Exercise details: From the entries below, copy every line that holds the word "featuring".

Records for this exercise:
----------------
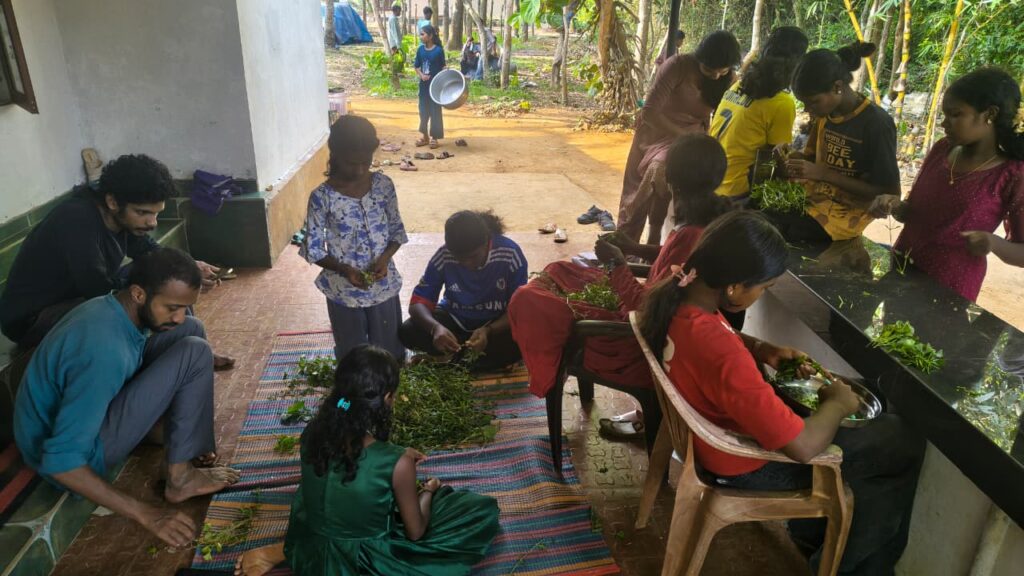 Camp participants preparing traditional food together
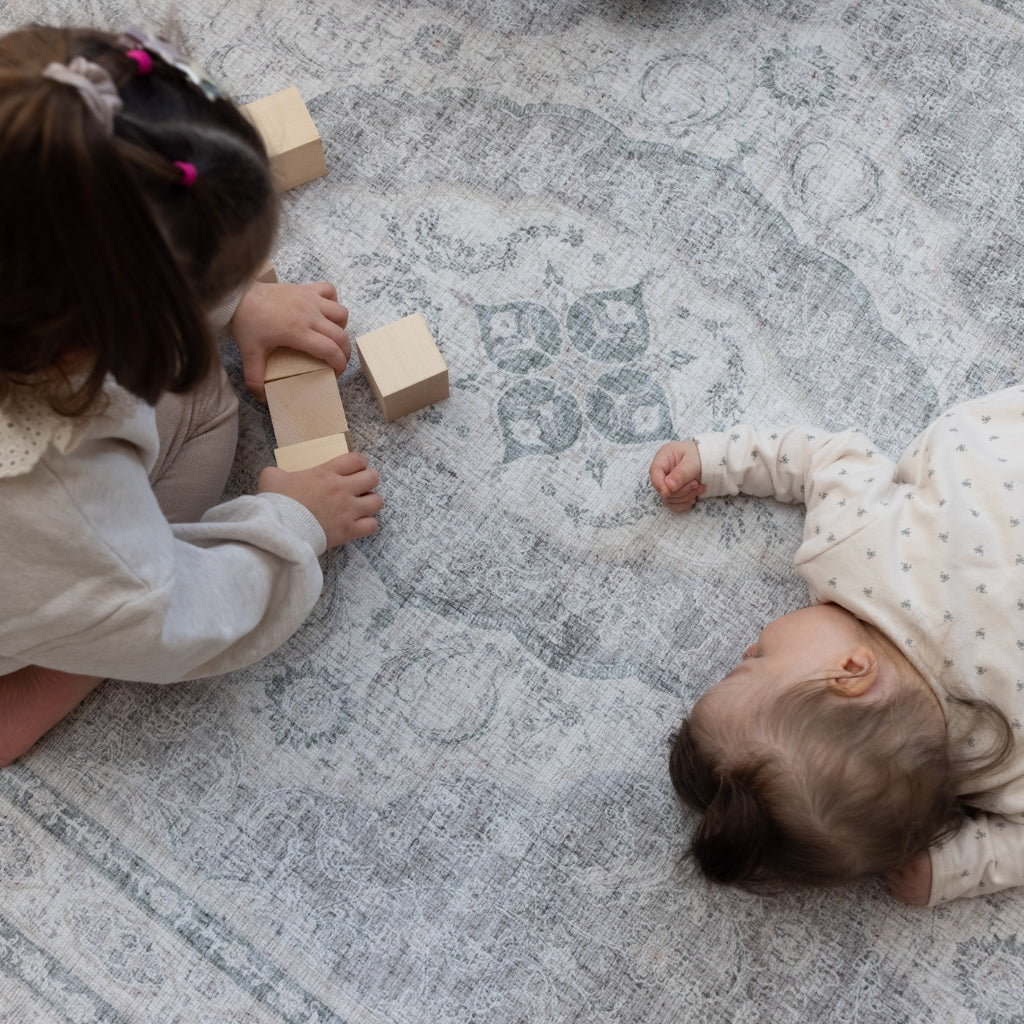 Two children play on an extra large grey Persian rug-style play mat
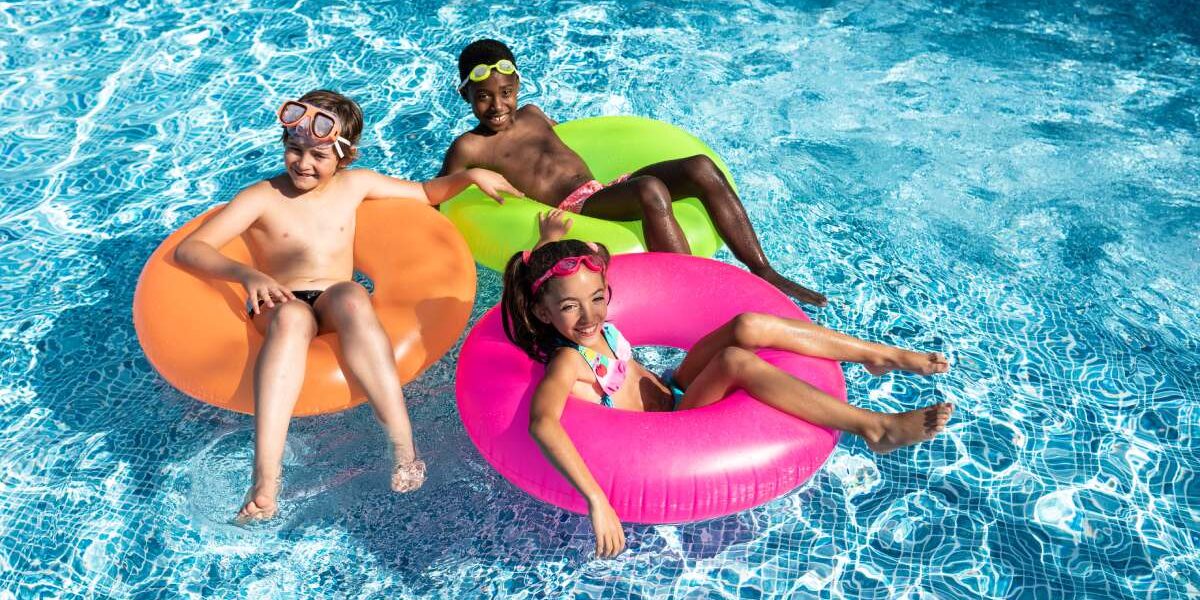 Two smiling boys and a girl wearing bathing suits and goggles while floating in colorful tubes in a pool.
----------------
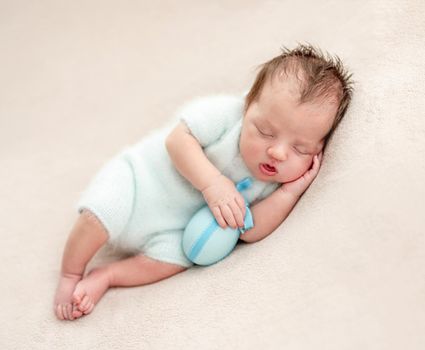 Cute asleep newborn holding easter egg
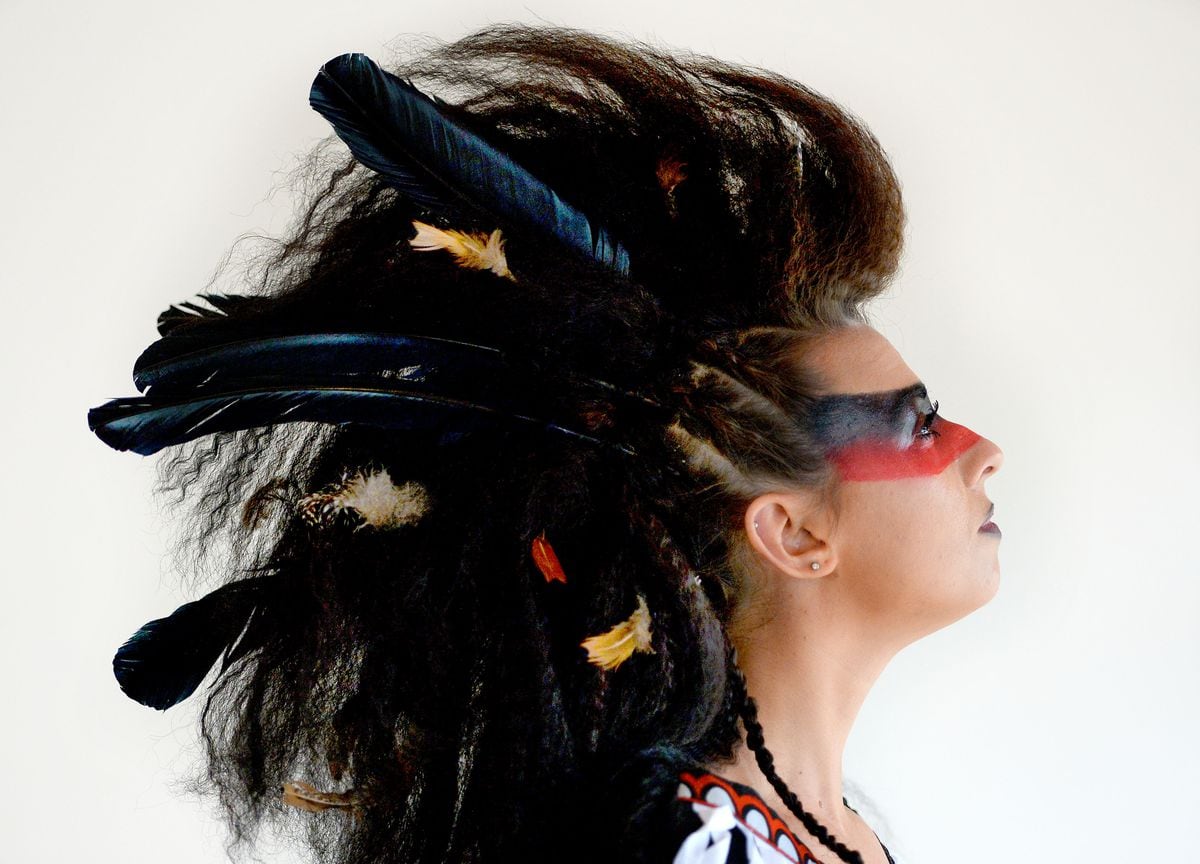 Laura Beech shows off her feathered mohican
----------------
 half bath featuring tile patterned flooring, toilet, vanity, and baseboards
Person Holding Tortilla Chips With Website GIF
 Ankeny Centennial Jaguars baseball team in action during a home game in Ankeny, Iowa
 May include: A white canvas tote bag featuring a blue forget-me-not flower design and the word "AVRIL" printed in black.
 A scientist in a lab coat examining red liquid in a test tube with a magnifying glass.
----------------
Task result:
 half bath featuring tile patterned flooring, toilet, vanity, and baseboards
 May include: A white canvas tote bag featuring a blue forget-me-not flower design and the word "AVRIL" printed in black.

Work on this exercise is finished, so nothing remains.